In a rare display of official cooperation in a politically touchy area, U.S. and Mexican commerce ministers began a cross-country journey yesterday to sell Americans on the economic advantages of greater U.S. investment in Mexico and a free-trade agreement with that country.
Commerce Secretary Robert A. Mosbacher and his Mexican counterpart, Jaime Serra Puche, will meet this week with business and civic leaders in five U.S. cities to bolster the Bush administration goal of better trade and economic relations with the nation's southern neighbor and third-largest trading partner.
"Between us, we are going to be selling the advantages of a free-trade agreement that makes both countries more competitive," said Mosbacher, who has been pushing for closer political and economic ties with Mexico.
B. Timothy Bennett, vice president of the Washington consulting firm SJS Advanced Strategies, and a former U.S. trade negotiator with Mexico who now advises American and Mexican firms, called it "unprecedented" for a U.S. Cabinet secretary to tour the United States urging investment in another country.
"But if U.S. companies are going to invest in other countries, Mexico is the place where we get direct economic benefits," said Bennett. Mexico, he said, is a heavy buyer of U.S. products, with $7 of every $10 of its imports coming from the United States.
Mosbacher and Serra will be making their case in the face of scattered opposition from organized labor and some politically potent business and farm interests and their congressional allies.
Opponents argue that promoting free trade and investment with Mexico will take jobs away from American workers, especially at the low end of the wage scale, and will flood American shops with made-in-Mexico food and manufactured goods.
The tour will take Mosbacher and Serra to Houston, Dallas, New York, Chicago and Los Angeles, where Mexican-American business executives will be part of the targeted audience.
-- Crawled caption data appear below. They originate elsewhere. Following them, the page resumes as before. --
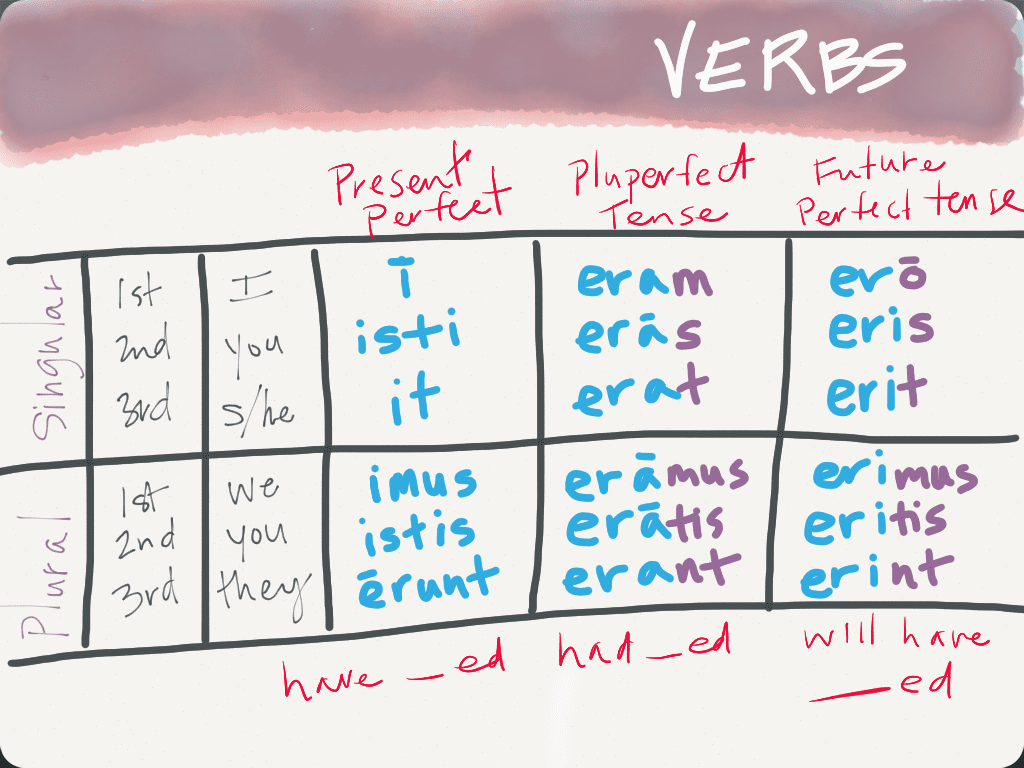 Latin Tense Endings Chart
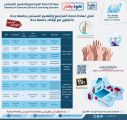 جامعة جدة تعلن 9 دورات مجانية (عن بُعد) بالتعاون مع أوقاف الجامعة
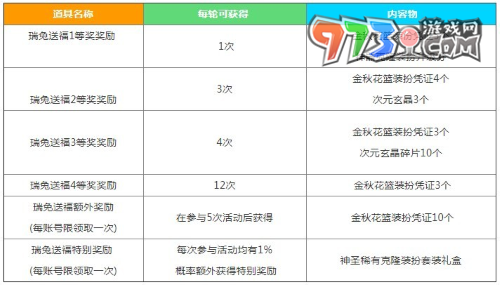 《DNF》2023中秋節(jié)禮包獎勵介紹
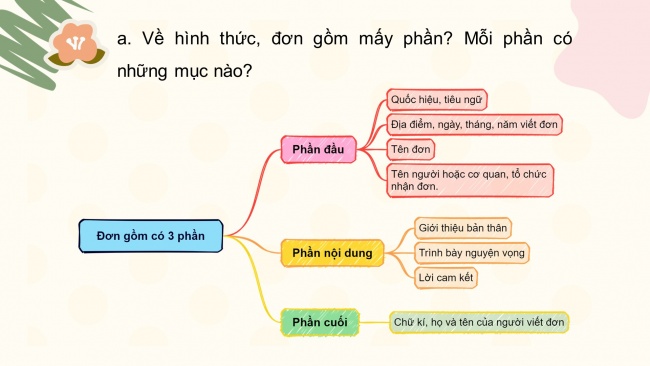 Soạn giáo án điện tử tiếng việt 4 cánh diều Bài 2 Viết 1: Viết đơn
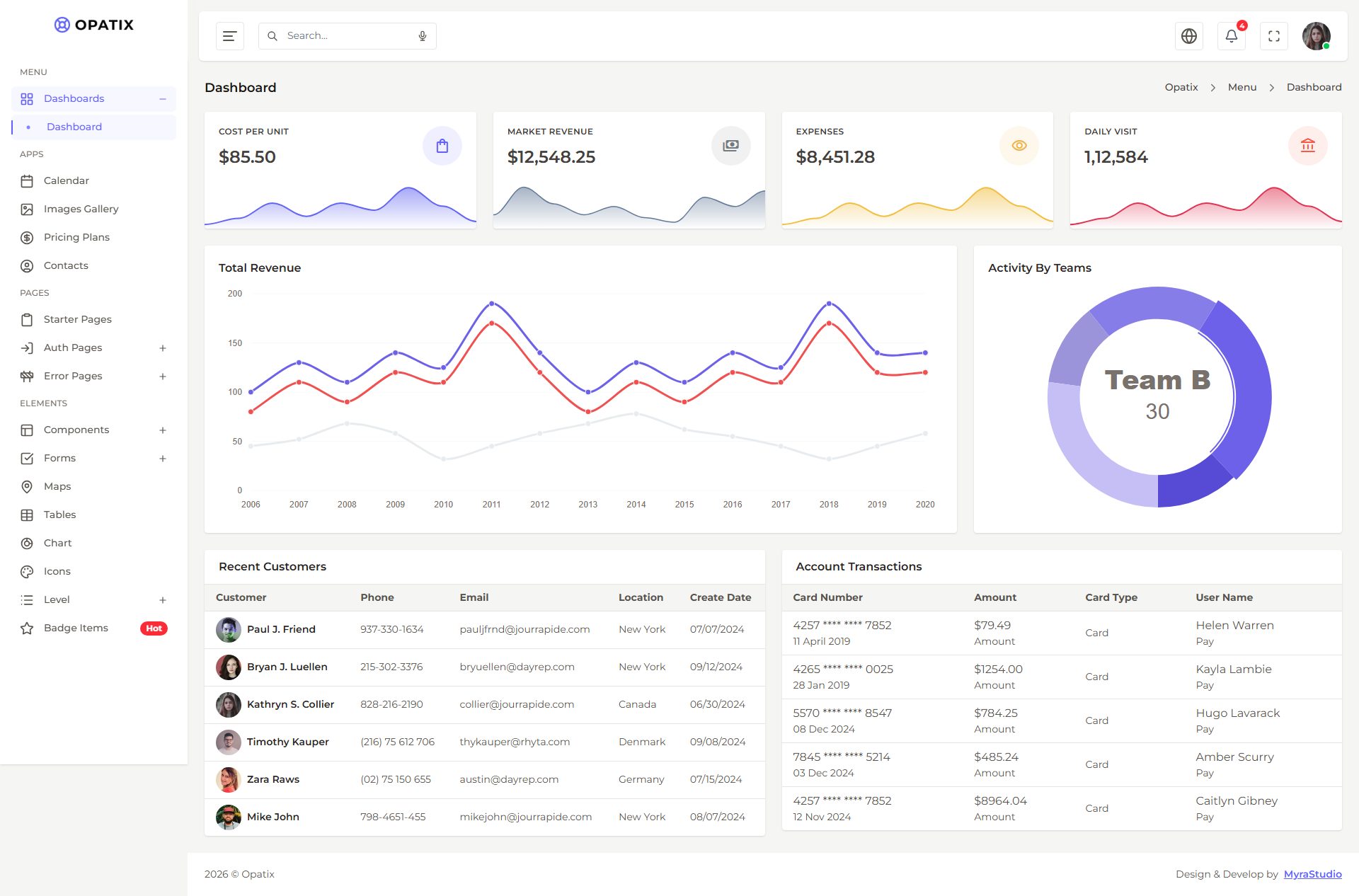 Opatix – Premium Responsive CodeIgniter Tailwind Admin Dashboard HTML5 Template theme — Desktop preview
Administration officials believe that the free-trade talks will spotlight Bush's interest in Mexico, which could deliver political gains for Republicans among the heavily Democratic Hispanic communities of California and Texas.
"If the Republicans play it right with the free-trade agreement, they could make a big killing," said George Munoz, a Chicago attorney who has been encouraging Mexican-American business executives to attend the Mosbacher-Serra appearance.
Economically, Munoz said, Mexican-Americans can gain from a free-trade pact by entering into joint ventures with small- and medium-size Mexican companies and helping giant U.S. corporations invest in Mexico.
Beyond improving U.S.-Mexican relations, the free-trade pact is widely seen as a Bush administration fallback if a troubled series of global free-trade talks fails to reach a satisfactory conclusion in December.
Bush has insisted that the Uruguay Round of global free-trade talks remains his top trade priority, and U.S. Trade Representative Carla Hills said a free-trade pact with Mexico will strengthen the global trading system, not be a substitute for it. Nonetheless, other countries fear that if the global talks fail, the result will be the creation of a large and wealthy North American economic bloc competing with rival blocs in Europe and Asia.
Bush asked Congress last month for authority to negotiate the free-trade agreement with Mexico, with congressional action on Bush's request due by spring and an agreement expected by the end of 1992.
Meanwhile, preliminary talks have begun, with the initial focus on whether Canada, which already has a free-trade agreement with the United States, should be allowed to join in to create a North American common market of 350 million people.